EXERCISE PROMPT
In the records that follow, the lines from the one containing "Snapshot of mollyjams77" to the one containing "Korean Version Gold-plated", inclusive, are to be given again exactly.

──────── DATA TO PROCESS ────────

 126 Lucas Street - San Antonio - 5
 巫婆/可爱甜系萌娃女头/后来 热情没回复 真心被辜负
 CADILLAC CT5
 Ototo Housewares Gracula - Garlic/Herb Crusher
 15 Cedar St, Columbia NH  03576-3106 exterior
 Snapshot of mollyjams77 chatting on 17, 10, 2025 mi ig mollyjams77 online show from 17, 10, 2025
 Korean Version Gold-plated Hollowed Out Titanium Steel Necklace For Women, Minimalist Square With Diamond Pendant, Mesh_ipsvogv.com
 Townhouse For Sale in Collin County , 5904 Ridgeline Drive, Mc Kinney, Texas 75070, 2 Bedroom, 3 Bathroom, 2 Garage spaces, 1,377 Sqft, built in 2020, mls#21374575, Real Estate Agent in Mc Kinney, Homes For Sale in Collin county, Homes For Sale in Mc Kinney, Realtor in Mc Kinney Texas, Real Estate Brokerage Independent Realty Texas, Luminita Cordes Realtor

────────
──────── DATA TO PROCESS ────────

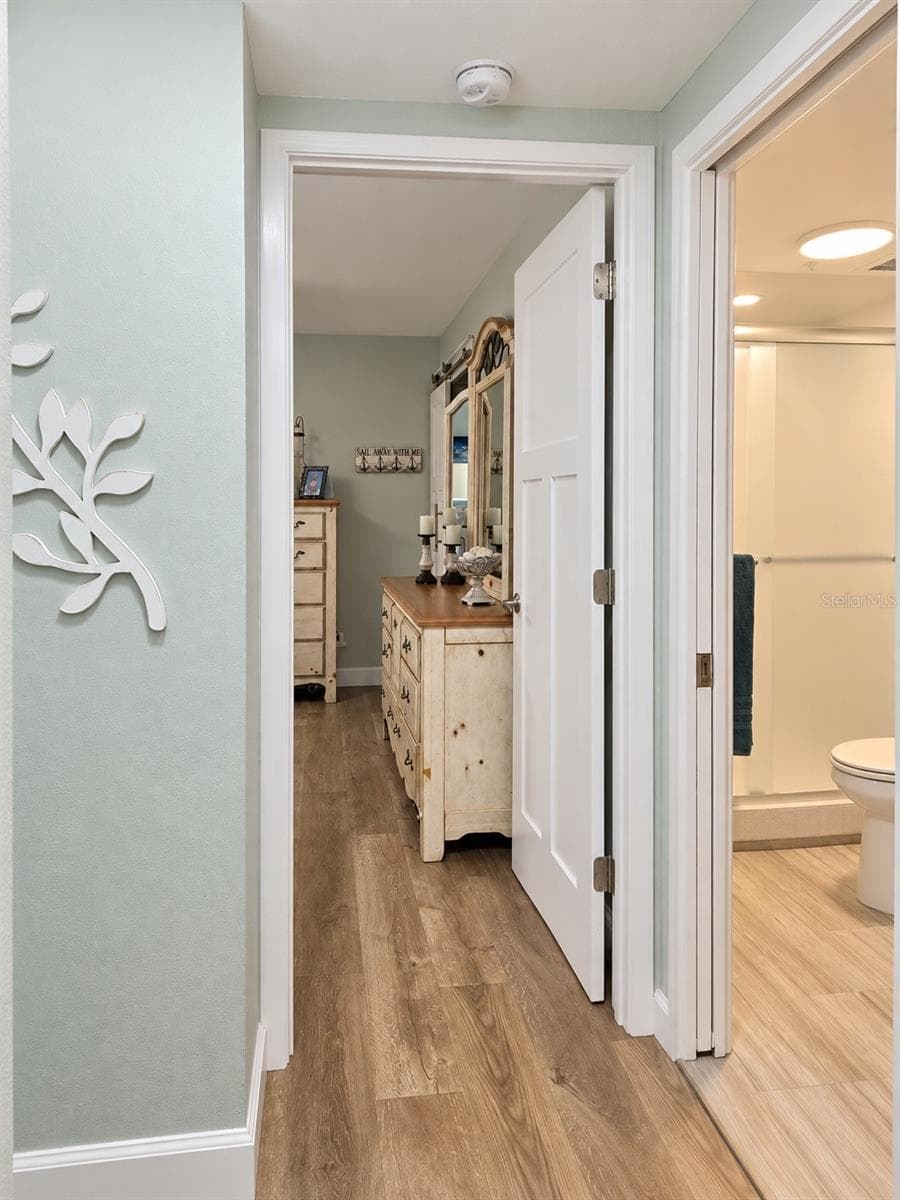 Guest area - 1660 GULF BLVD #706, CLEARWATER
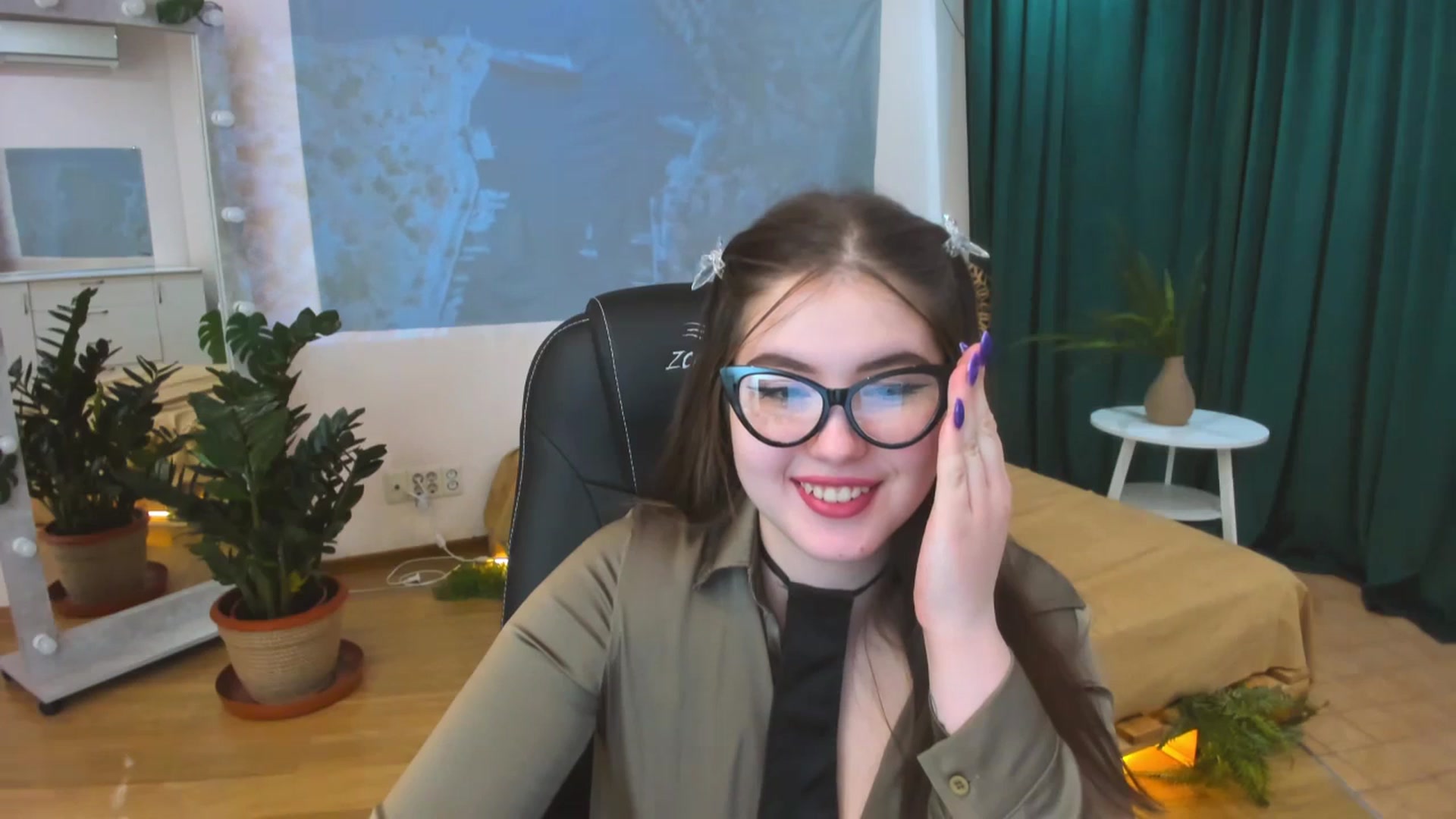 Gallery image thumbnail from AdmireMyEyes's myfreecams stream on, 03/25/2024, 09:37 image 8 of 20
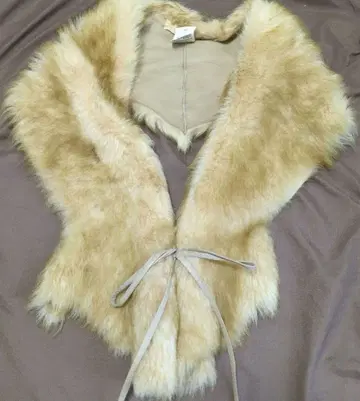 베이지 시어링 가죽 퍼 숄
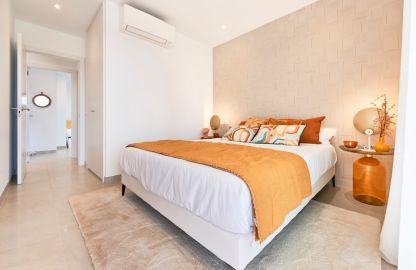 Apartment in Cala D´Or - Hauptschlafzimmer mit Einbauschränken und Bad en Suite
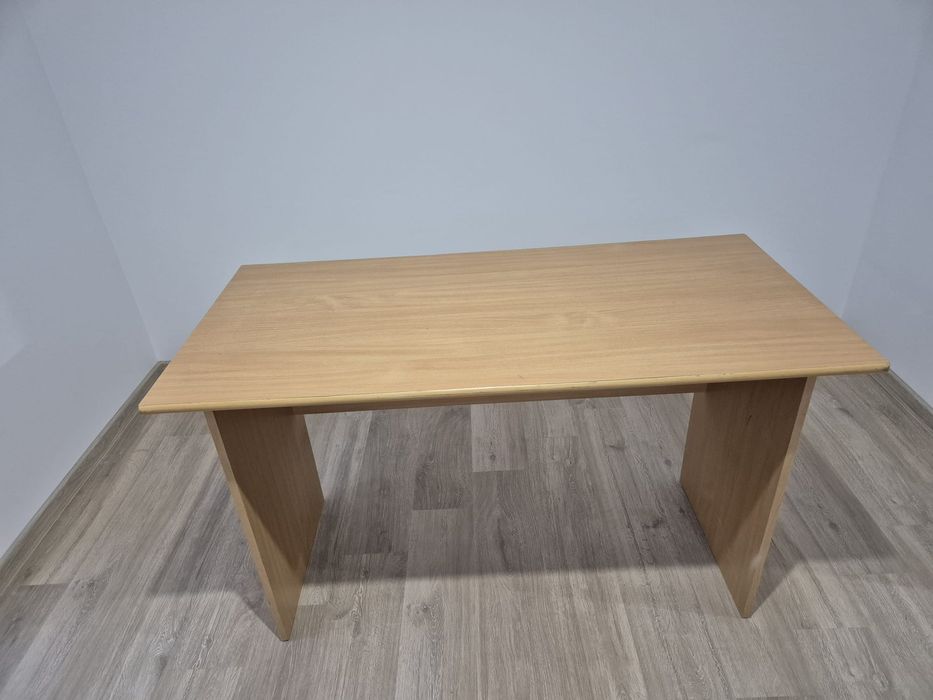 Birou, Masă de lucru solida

────────

WRITTEN RESPONSE
 Snapshot of mollyjams77 chatting on 17, 10, 2025 mi ig mollyjams77 online show from 17, 10, 2025
 Korean Version Gold-plated Hollowed Out Titanium Steel Necklace For Women, Minimalist Square With Diamond Pendant, Mesh_ipsvogv.com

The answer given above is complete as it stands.